Pictures in the listing do not belong in the copy, which should repeat exactly the lines from the one holding "Another thing we" through the last line.

##### Records to use #####

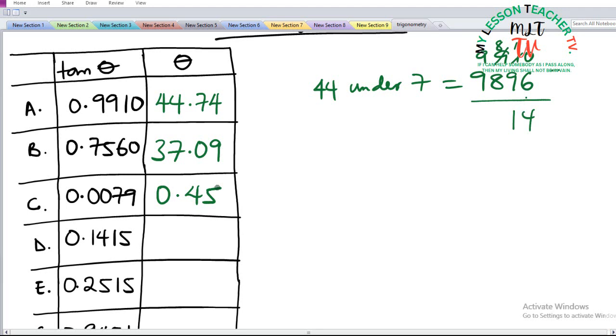Next is 0.1415. What angle? We are asked to find the angle whose tangent is 0.1415.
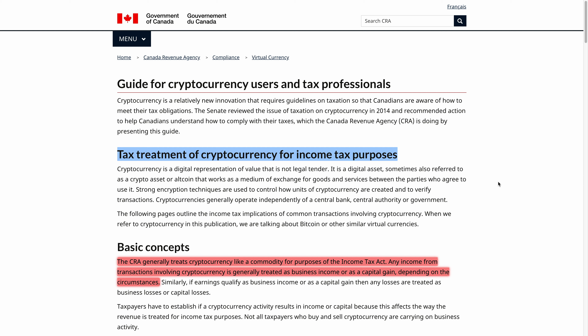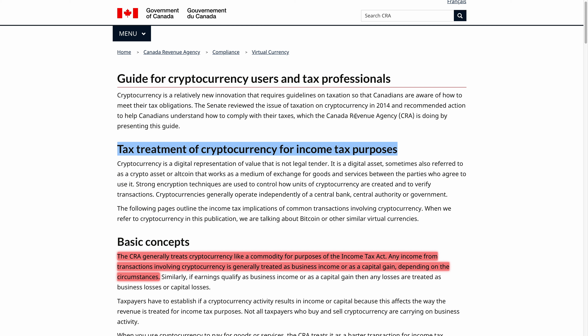In this video I'm going to be looking at the tax treatment of cryptocurrency for income tax purposes. It's the new year, so as we're all getting our receipts and forms ready for the 2019 taxation year, I thought I'd share this video and this resource with you, just to help you out if you don't already know about it. I've already highlighted some key points in this guide.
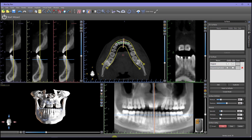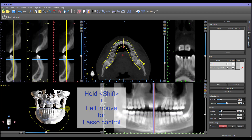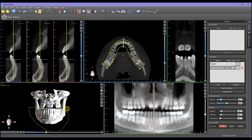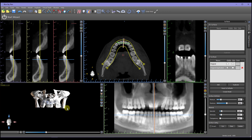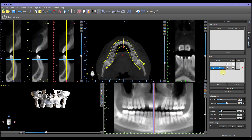Left-click on the Cut button, move the cursor to the 3D view, hold the Shift key and the left mouse button in order to drag the lasso around the mandible. Release the left mouse button and the mandible is now cut. In the Surfaces panel, double-click on the name Original Duplicated and key in Maxilla.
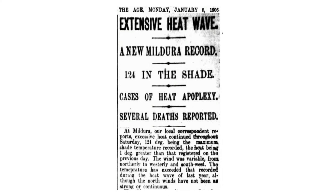And this is exactly what the press reported on January 8th, 1906. So now the question becomes: why was it so warm in the United States and Australia during January 1906?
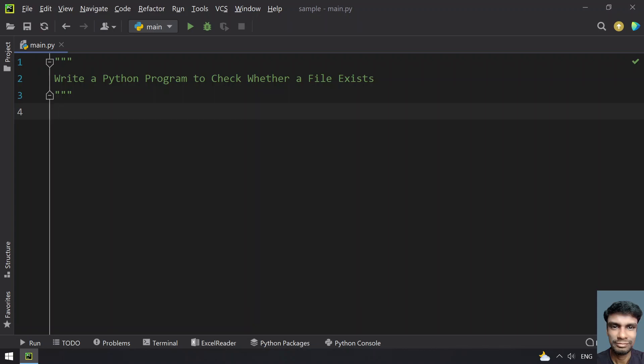Hey guys, welcome to my YouTube channel. In this video, let's learn how to write a Python program to check whether a file exists or not.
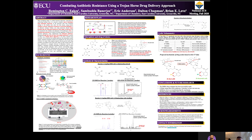Another thing we are also looking at in Reaction 3 is Brucella species. We want to synthesize brucebactin, which is the siderophore made by Brucella. No one has been able to synthesize this, and we are currently synthesizing and trying to characterize it, but at this time we do not have a lot of data on that.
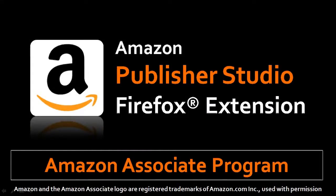Hi, this is Anthony with a video to introduce the new Amazon Publisher Studio Firefox extension.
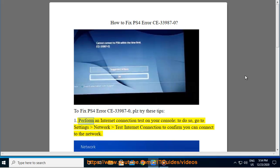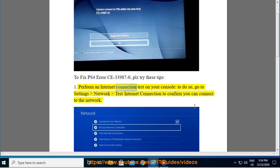1. Perform an Internet Connection Test on your console. To do so, go to Settings, Network, Test Internet Connection to confirm you can connect to the network.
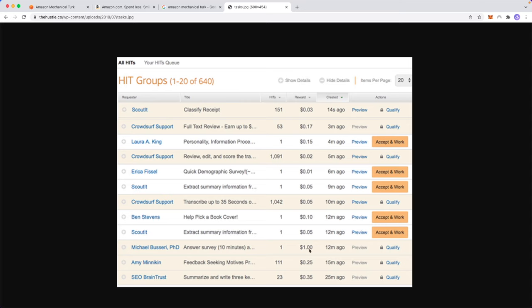So you can see that rewards vary from different amounts. Some tasks will earn you a dollar, some tasks will earn you 25 cents, and some tasks can only be about three cents. And this is because different tasks have different difficulties and time consumptions. Some tasks will take longer to do than others. Some tasks will be really quick and easy.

#####

### Answer section
Another thing we are also looking at in Reaction 3 is Brucella species. We want to synthesize brucebactin, which is the siderophore made by Brucella. No one has been able to synthesize this, and we are currently synthesizing and trying to characterize it, but at this time we do not have a lot of data on that.
Hi, this is Anthony with a video to introduce the new Amazon Publisher Studio Firefox extension.
1. Perform an Internet Connection Test on your console. To do so, go to Settings, Network, Test Internet Connection to confirm you can connect to the network.
So you can see that rewards vary from different amounts. Some tasks will earn you a dollar, some tasks will earn you 25 cents, and some tasks can only be about three cents. And this is because different tasks have different difficulties and time consumptions. Some tasks will take longer to do than others. Some tasks will be really quick and easy.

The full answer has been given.